Chavez, la restituzione della patria

di Fabio Marcelli

Giurista internazionale

 

Si stanno svolgendo in questi giorni a Roma, a cura dell’ambasciata della Repubblica bolivariana del Venezuela, una serie di eventi per ricordare uno dei più grandi rivoluzionari del nostro tempo, il Comandante eterno Hugo Chavez Frias, prematuramente scomparso due anni fa circa.

Un evento artistico ha avuto luogo due giorni fa al Teatro Ambra della Garbatella, a Roma, nel corso del quale un quintetto di musicisti guidati da Lionel Ruiz ha messo in scena un concerto sulla base di una serie di pensieri del Comandante, efficacemente tradotti in linguaggio musicale con un effetto davvero suggestivo e direi esaltante.
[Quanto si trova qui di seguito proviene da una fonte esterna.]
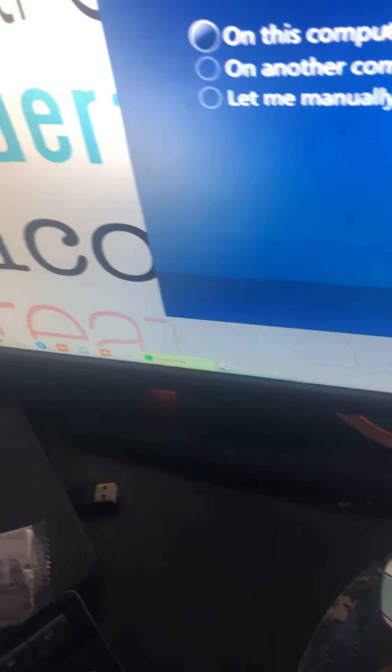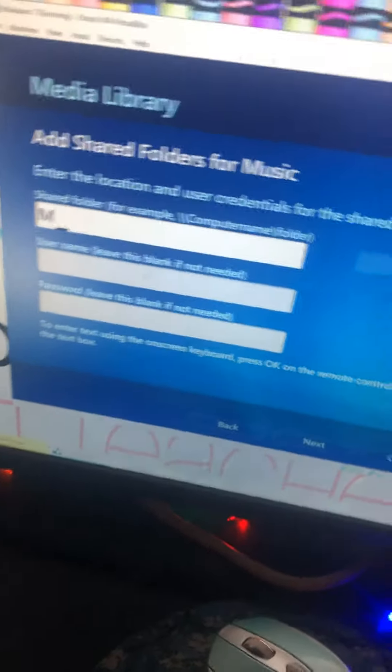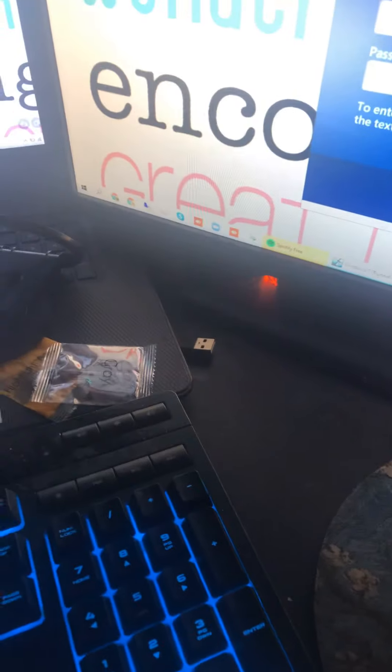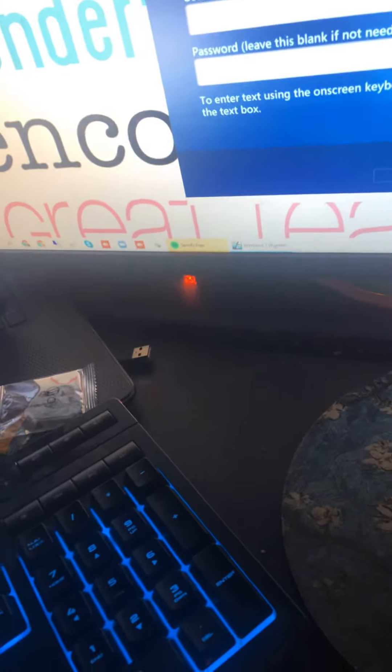Add the folder to the library. Now, click Next. Now, click Next. Alright, share folder. Type in Music. And then, then click Next.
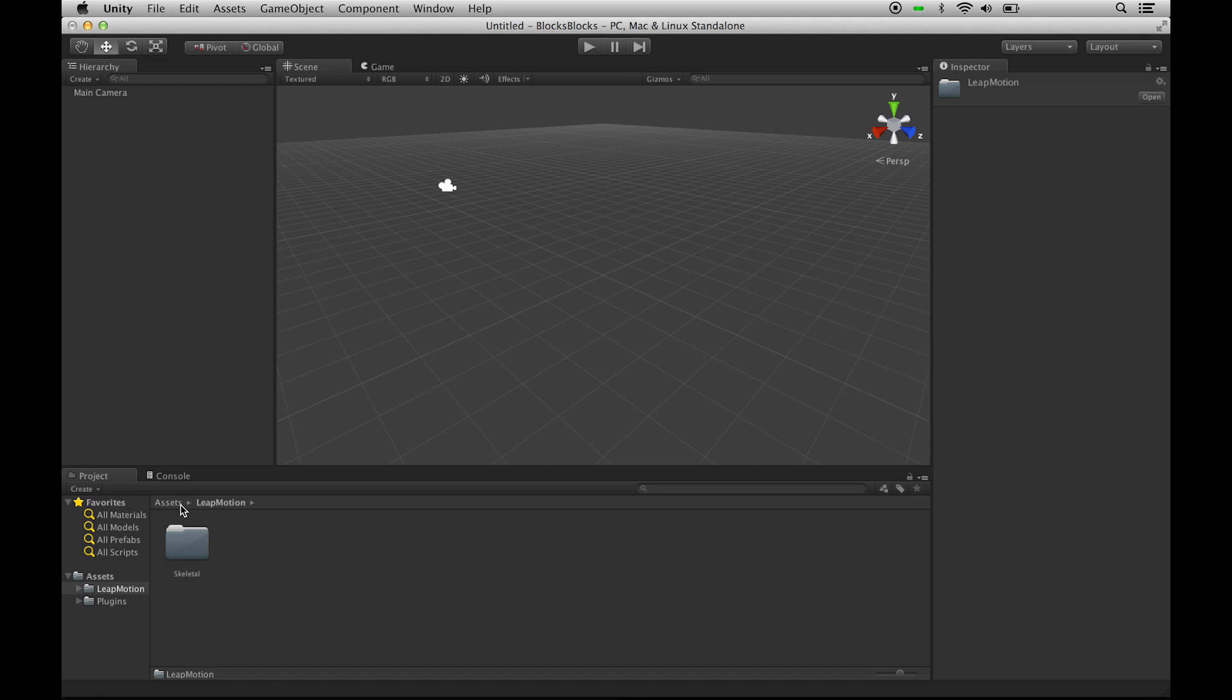So go under the Leap Motion folder, and double-click on the Skeletal folder, and you'll see the Models, Prefabs, Scenes, and Scripts.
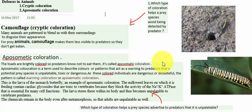The main motive of colorations is defense. For defense, animals are divided into two categories: cryptic coloration and aposematic coloration. So the first one is cryptic coloration.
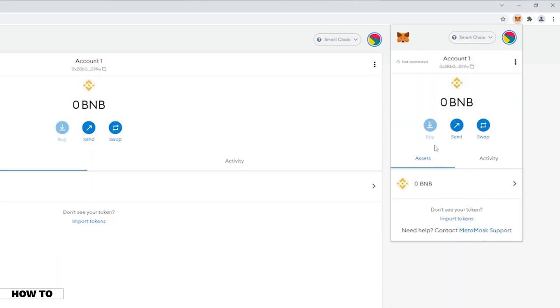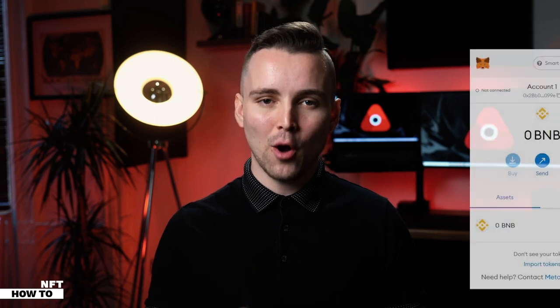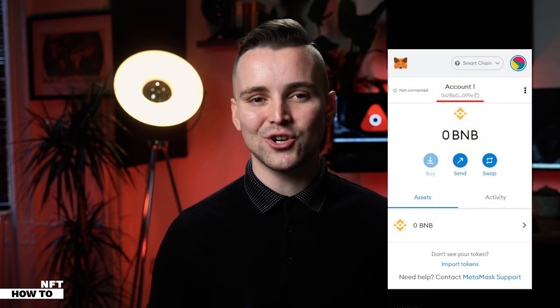You can switch back to the Ethereum network or any other network by navigating through the select option above. Congratulations! You now have successfully added the Binance Smart Chain network into your MetaMask. You will now be able to receive and send Binance network tokens from your MetaMask. Your wallet address can be found on the top portion of your MetaMask extension.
Eccone un piccolo saggio. Alcuni concetti che se ne possono desumere: l’espressione arañero è riferita al fatto che Chavez, da piccolo, vendeva dei dolcetti fatti dalla sua nonna davanti alla scuola per arrotondare l’esiguo reddito familiare e che tali dolcetti avevano, secondo lo stesso Chavez, la forma di piccoli ragni.

Il fatto che ‘il popolo sta piovendo‘  esprime in modo poetico ed efficace la nuova realtà del protagonismo popolare dal basso che costituisce la vera cifra del processo rivoluzionario innescato dall’elezione di Hugo Chavez a presidente nel 1998 e che continua oggi con Maduro. Il contenuto e risultato più notevole di questo processo è stato la restituzione al popolo della ‘patria’, concetto fino ad allora privo di senso in Venezuela come in molti altri Stati del mondo. Questo concetto ha assunto invece un significato profondo per il popolo fino ad allora emarginato ed escluso da ogni partecipazione che ha trovato la soddisfazione dei propri diritti fondamentali in termini di salute, educazione, casa.
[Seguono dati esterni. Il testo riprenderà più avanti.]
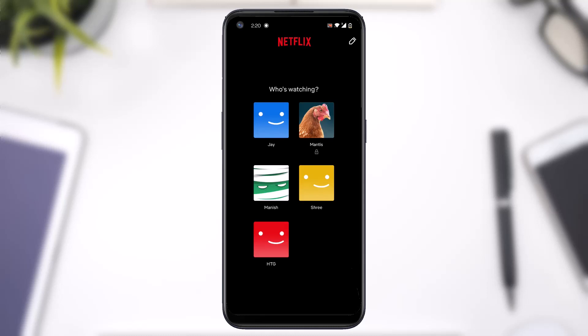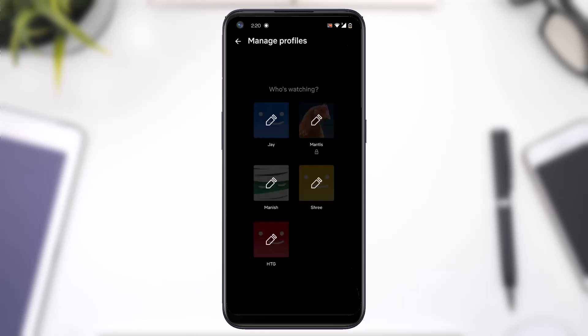Once you've logged in you will be taken to the profile space where you will be able to choose one of the Netflix profiles available on your Netflix account. Now let's say I want to change the picture of this HDZ profile. To do that, simply tap on the pencil icon on the top right corner of your screen.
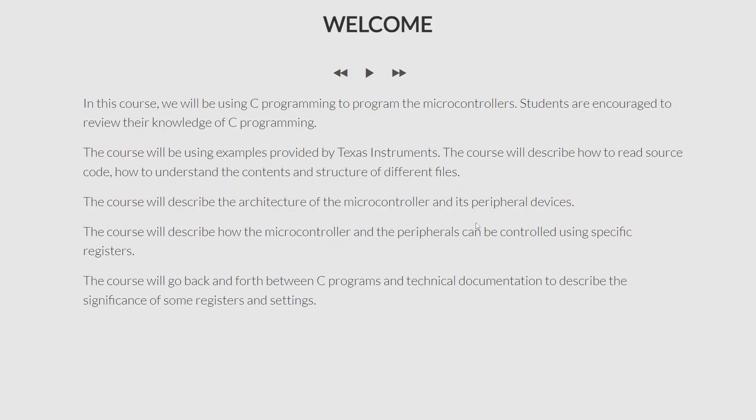In this course we will be using C programming to program the microcontrollers. In recent times there are many advanced graphical user interface based approaches to programming microcontrollers, and I will talk about that very soon. But in this course I am going to be using C programming, and in the next lecture I will describe why that is important. If you are taking this course, I would encourage you to review your knowledge of C programming. I will describe programs as much as possible, but it would be much more convenient if you do a quick review — there are many online tutorials for that purpose.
Un processo certamente difficile e non privo di contraddizioni, ma che una volta iniziato va avanti in modo inesorabile.

Ciò spiega la disperazione dell’oligarchia venezolana, abituata a comandare e a enormi privilegi, che oggi, con la protervia e la caparbietà di chi ha subito una rivoluzione e insiste a non rassegnarvisi, tenta ogni carta pur di tornare al potere. Un’oligarchia per definizione priva di ‘patria’ e che della ‘patria’ non sa che farsene; tutt’al più ha bisogno di un popolo e di un territorio da sfruttare.

Ciò spiega anche perché quest’oligarchia priva di ‘patria’ riponga le sue speranze nei padroni di sempre, auspicando l’intervento dall’esterno degli Stati Uniti. La gravissima decisione, comunicata da Obama pochi giorni fa, di ritenere l’attuale Venezuela addirittura una minaccia alla sicurezza degli Stati Uniti, mostra con chiarezza alcune cose. Primo, che lo stesso Obama, nonostante abbia dato al potere imperiale un volto più umano e gradevole di quello del ‘demente’ Bush, resta purtroppo prigioniero dei meccanismi di potere di sempre. Secondo, che questi meccanismi di potere continuano ad attribuire enorme importanza al controllo dell’America Latina e hanno per ciò ritenuto di individuare proprio nel Venezuela, dopo la morte di Chavez, l’anello debole da rompere.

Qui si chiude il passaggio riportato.